▶ INSTRUCTIONS FOR THE TASK: Shown below are entries with pictures; the line with "Montenegro. Muy espacioso" through the line with "Building Photo - 4840 Upton Ave S" is the span to retype exactly, and the pictures stay out.

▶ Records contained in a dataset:
== Segment start ==
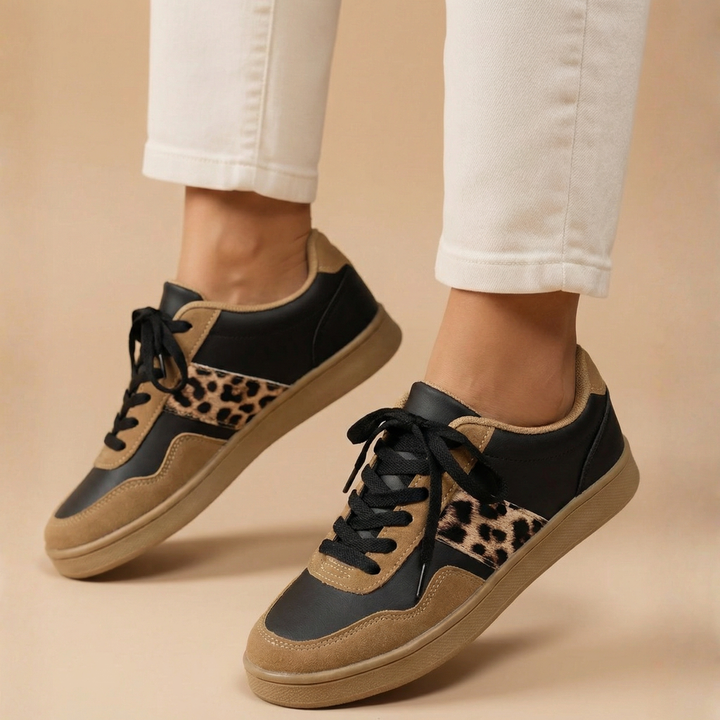Estera | Białe sneakersy z motywem panterki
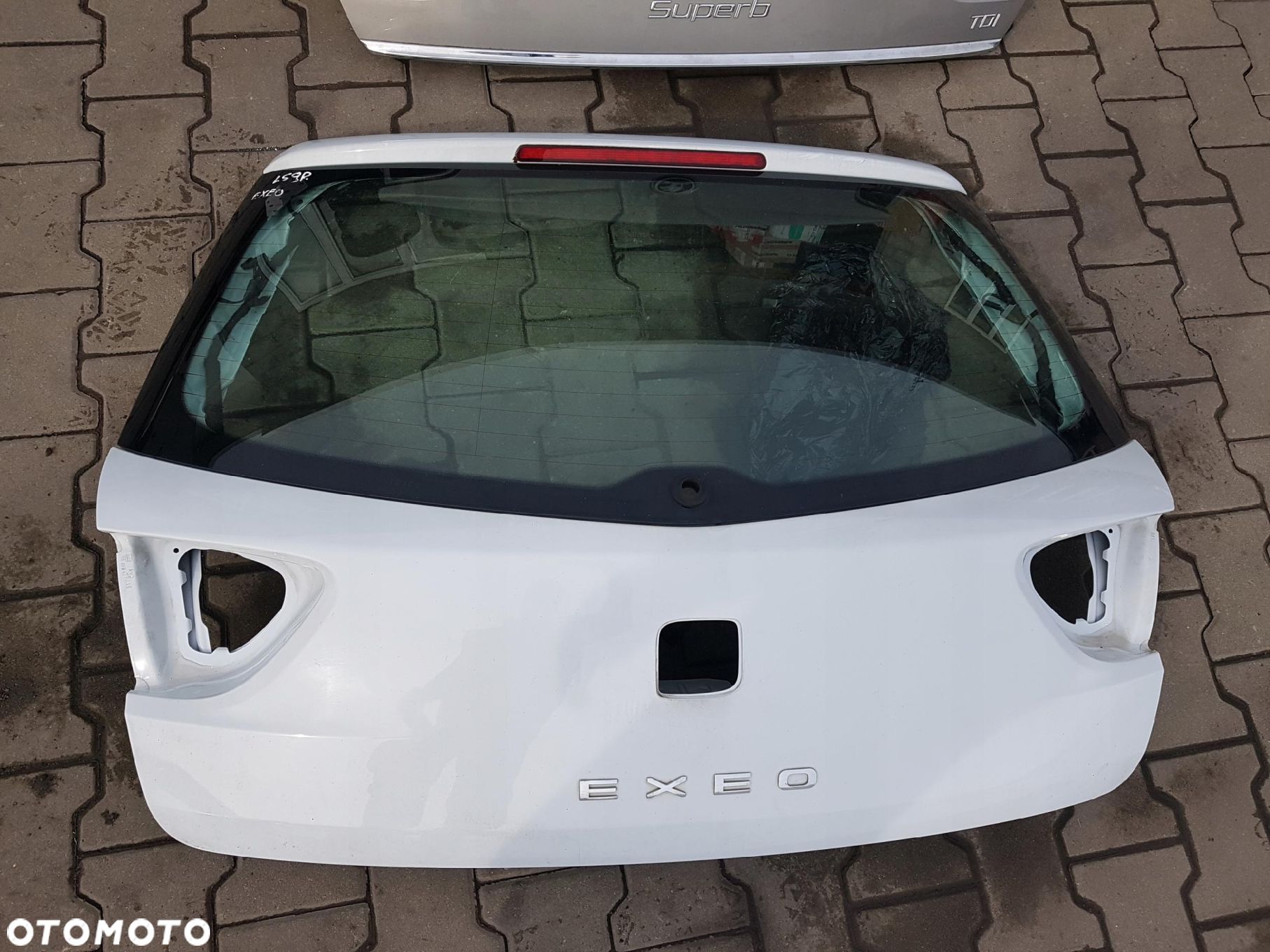 SEAT EXEO 09-13r KOMBI KLAPA BAGAŻNIKA TYŁ LS9R - 1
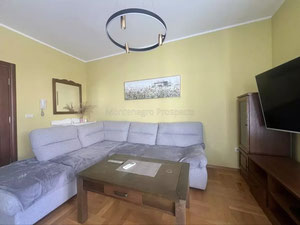 Montenegro. Muy espacioso apartamento de 98m2 con garaje en Bečići — Encuentre propiedades fuera del plan o reventa de bienes inmuebles directamente de desarrolladores y propietarios GEOLN.COM. Foto 3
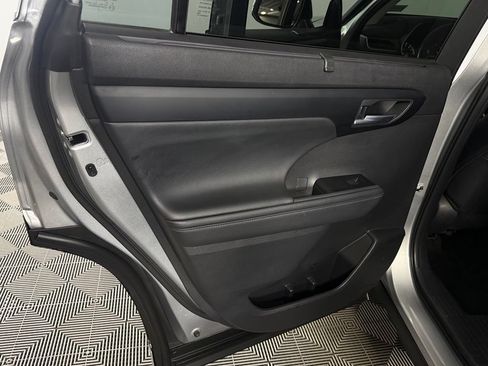Used 2025 Toyota Highlander XLE FWD image 29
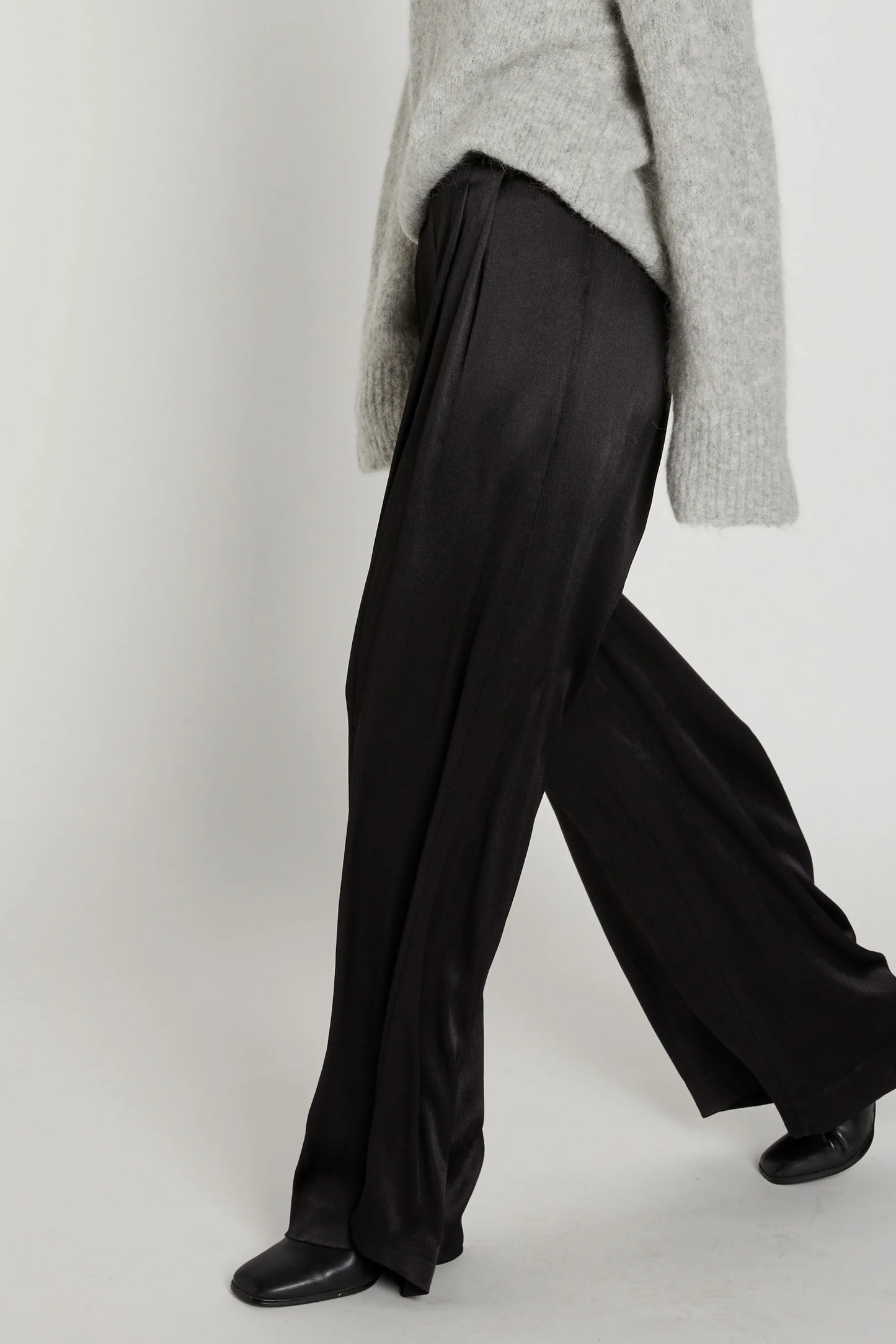 Rue de Femme Olana Pleat Pants - Black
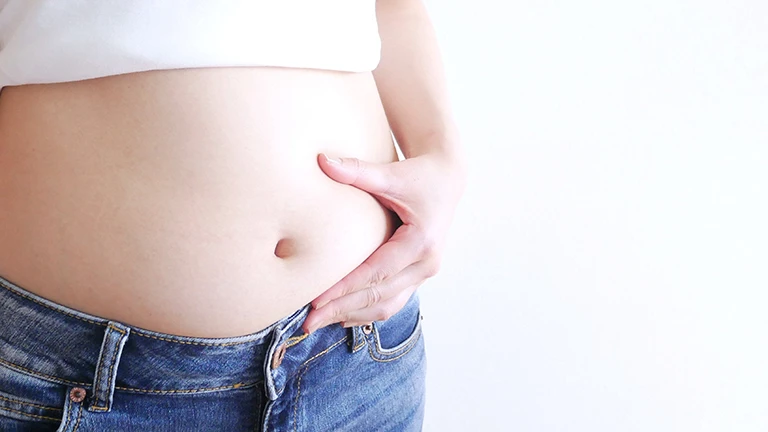 女性の悩み…ぽっこりお腹の原因とスッキリ解消法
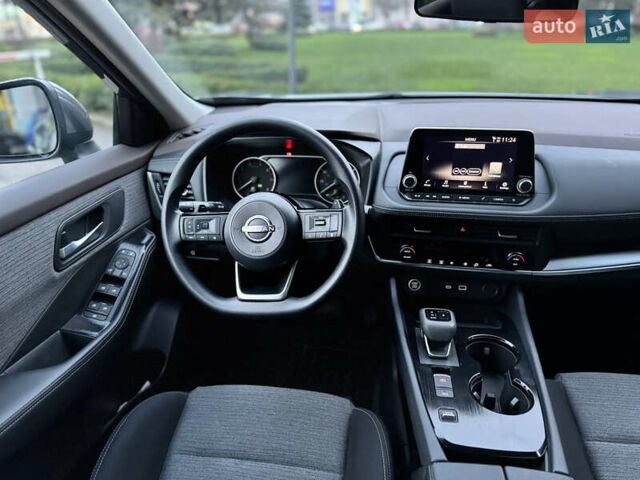 Серый Ниссан Rogue, объемом двигателя 1.5 л и пробегом 19 тыс. км за 20900 $, фото 15 на Automoto.ua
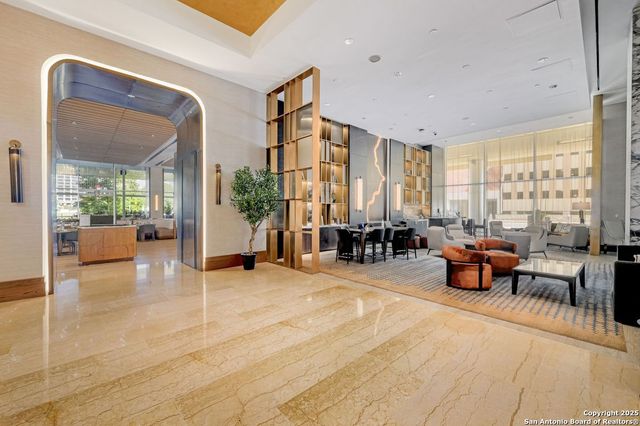 610 E Market St Unit 2508, San Antonio, TX 78205
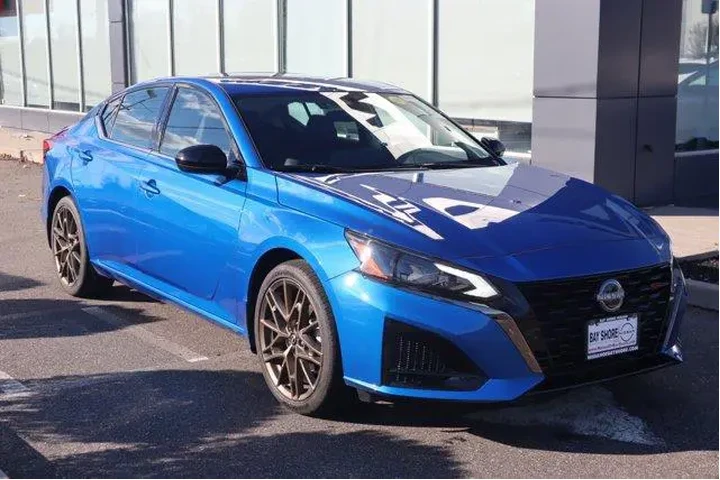 $20867 : Nissan Altima 2025 2.5 SR 4d image 3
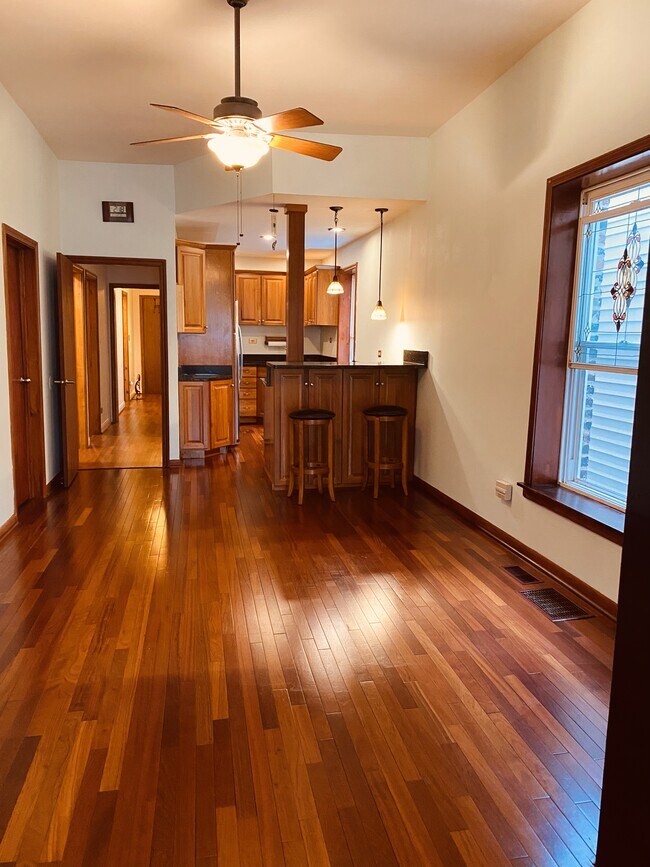 Building Photo - 4419 S Wallace St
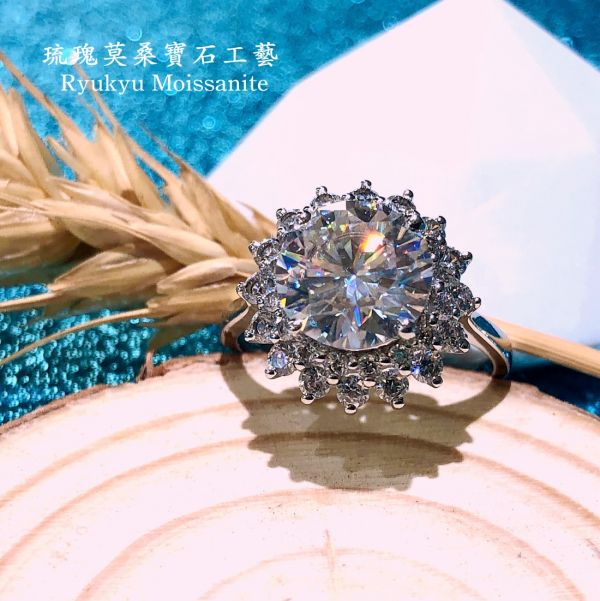太陽花3克拉 美國莫桑石,莫桑鑽,女戒,鑽戒,鑽石,求婚,時尚,百搭,情人節,聖誕節,訂婚,情侶戒,禮物,紀念,週年,耳釘,耳掛,耳線,手鍊,母親節,父親節,尾戒,天然珍珠,黃鑽,藍鑽
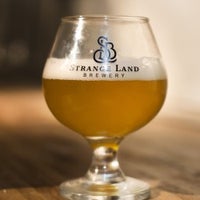 Foto tomada en Strange Land Brewery  por Strange Land Brewery el 4/10/2015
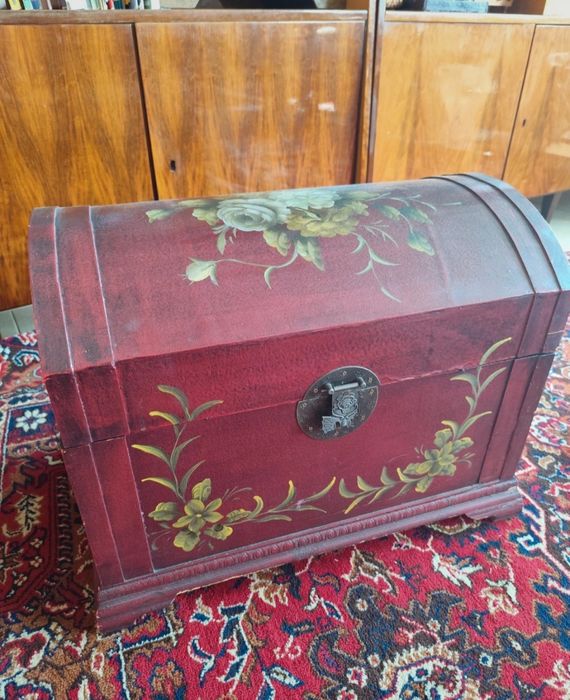 Vintage skrzynia kufer drewniany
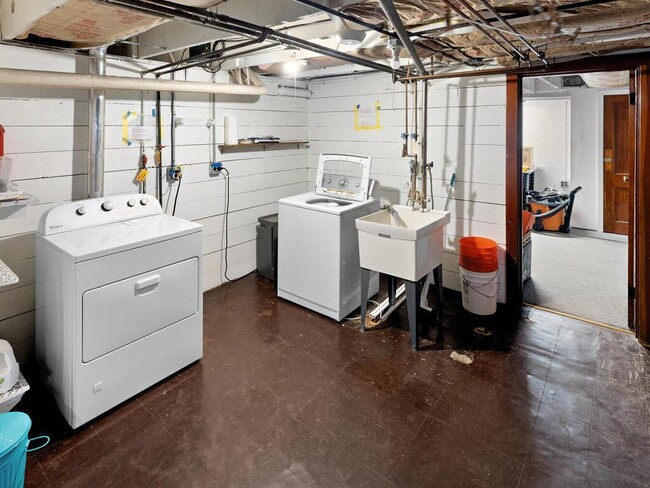 Building Photo - 4840 Upton Ave S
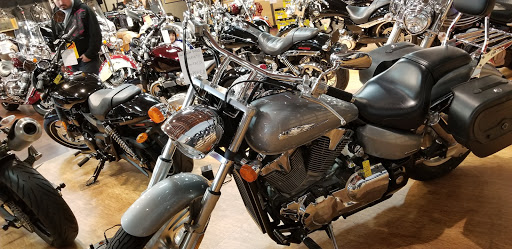 Motorcycle Dealer «Indian Motorcycle of Libertyville», reviews and photos, 416 N Milwaukee Ave, Libertyville, IL 60048, USA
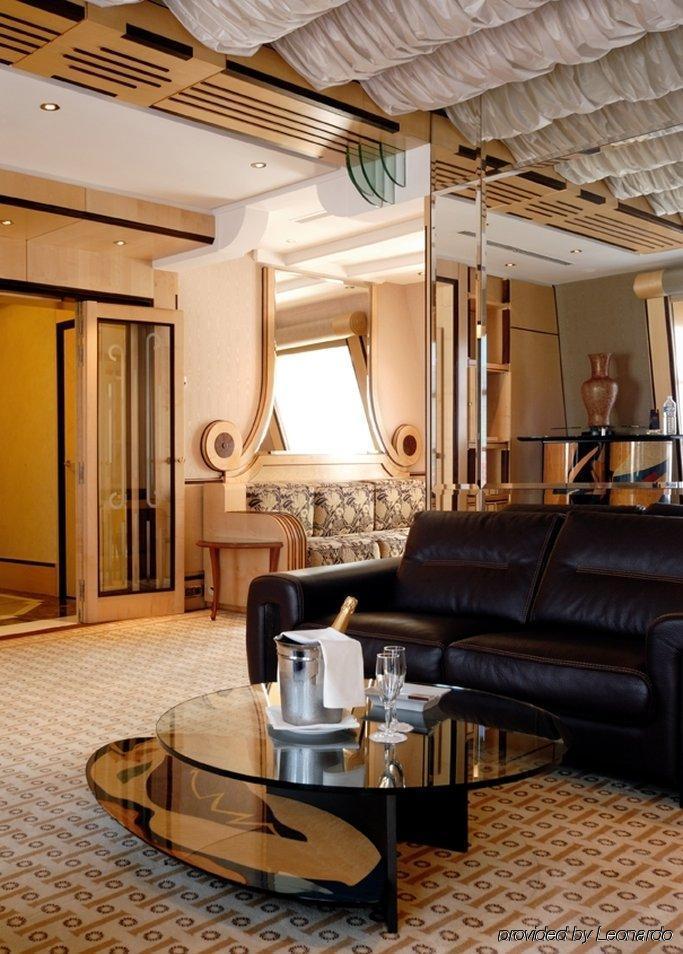 Hotel De Vendome パリ インテリア 写真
== Segment end ==
▶ REPLY TO THE EXERCISE:
 Montenegro. Muy espacioso apartamento de 98m2 con garaje en Bečići — Encuentre propiedades fuera del plan o reventa de bienes inmuebles directamente de desarrolladores y propietarios GEOLN.COM. Foto 3
Used 2025 Toyota Highlander XLE FWD image 29
 Rue de Femme Olana Pleat Pants - Black
 女性の悩み…ぽっこりお腹の原因とスッキリ解消法
 Серый Ниссан Rogue, объемом двигателя 1.5 л и пробегом 19 тыс. км за 20900 $, фото 15 на Automoto.ua
 610 E Market St Unit 2508, San Antonio, TX 78205
 $20867 : Nissan Altima 2025 2.5 SR 4d image 3
 Building Photo - 4419 S Wallace St
太陽花3克拉 美國莫桑石,莫桑鑽,女戒,鑽戒,鑽石,求婚,時尚,百搭,情人節,聖誕節,訂婚,情侶戒,禮物,紀念,週年,耳釘,耳掛,耳線,手鍊,母親節,父親節,尾戒,天然珍珠,黃鑽,藍鑽
 Foto tomada en Strange Land Brewery  por Strange Land Brewery el 4/10/2015
 Vintage skrzynia kufer drewniany
 Building Photo - 4840 Upton Ave S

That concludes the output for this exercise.